Als Bahnfahrer muss man nicht wirklich von der Deutschen Bahn vollends überzeugt sein. Verlässlichkeit, Pünktlichkeit und somit sind Nachhaltigkeit im weitesten Sinne nicht unbedingt Attribute, die man mit der Deutschen Bahn zuvorderst in Verbindung bringt. Aber von einem erst einmal erarbeiteten Image, gleich in welcher Richtung, muss man sich erst einmal wieder wegarbeiten können. Und dabei werden doch in Zeiten des Klimaschutzes so große Hoffnungen in die Bahn gesetzt, will man doch bis 2045 klimaneutral werden. Kaum zu glauben auch, wie viele Dieselloks mit nicht einmal vorhandenem Rußpartikelfiltern auf deutschen Schienen noch dahindampfen, wo doch zeitgleich dem Dieselauto öffentlich wahrnehmbar das Image des Umweltverpesters anhaftet.
Auch in Sachen Pünktlichkeit haftet der Bahn ein wenig schmeichelhaftes Image an. Auf der vergleichsweise einfachen Strecke von München nach Lindau hätten die Züge seit 1985 elektrisch fahren sollen. Der erste E-Zug fuhr im Dezember 2020. Und die Einhaltung der Fahrpläne ist eine Philosophie für sich. Jetzt hat aber die deutsche Bahn zum großen Überholmanöver ausgeholt: Denn schnell und sogar überpünktlich hat das Unternehmen zum Start in das neue Jahr in allen ICE- und IC-Zügen Haferdrink als (wörtlich!) Milchalternative zum Kaffee im Angebot. Mit dieser "rein pflanzlichen Milchalternative für den Kaffeegenuss" setzt die Deutsche Bahn eigenen Angaben zufolge einen weiteren Meilenstein für mehr Nachhaltigkeit in der Bordgastronomie. Dabei geht die deutsche Bahn eine umfassende Zusammenarbeit mit Oatly ein, dem größten und auch börsennotierten Hersteller von Haferdrink der Welt. Oatly geht hier mehr als eigennützig vor, denn man will eigenen Angaben zufolge ein nachhaltiges Nahrungsmittelsystem vorantreiben, das eben nicht nur für die menschliche Gesundheit, sondern auch für das Klima essentiell sein soll. Um dies zu erreichen, müsse der Umstieg auf eine mehr pflanzliche Ernährung möglichst einfach gemacht werden, indem schmackhafte pflanzliche Produkte für möglichst viele Konsumenten verfügbar gemacht werden. Oatly hat nach dem Coup mit der "schnellen" Bahn bereits eine große PR-Kampagne gestartet, dass auch andere Unternehmen dem Beispiel Bahn folgen sollen.

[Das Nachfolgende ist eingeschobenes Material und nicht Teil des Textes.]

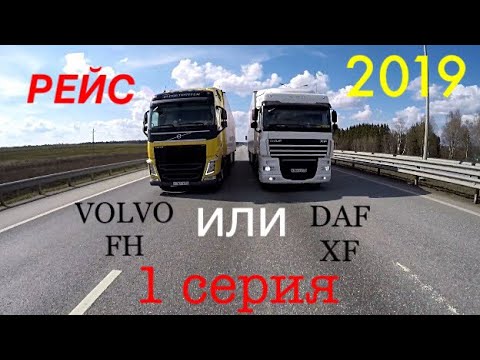 Видео: Что лучше DAF или VOLVO?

Und wo bleibt die Milch in diesem Geschehen. Natürlich wird Milch weiterhin bei der Deutschen Bahn angeboten. Nicht als Alternative, sondern als Original und somit "animal based". Die Milchwirtschaft müsste aber aus ihrer Defensive herauskommen und ihrerseits die unbestrittenen Vorteile der Milch für Ernährung und auch für das Kreislaufsystem herausstellen. Verstecken braucht sich die Milchwirtschaft nämlich nicht, nur sollte sie sicht- und hörbarer werden!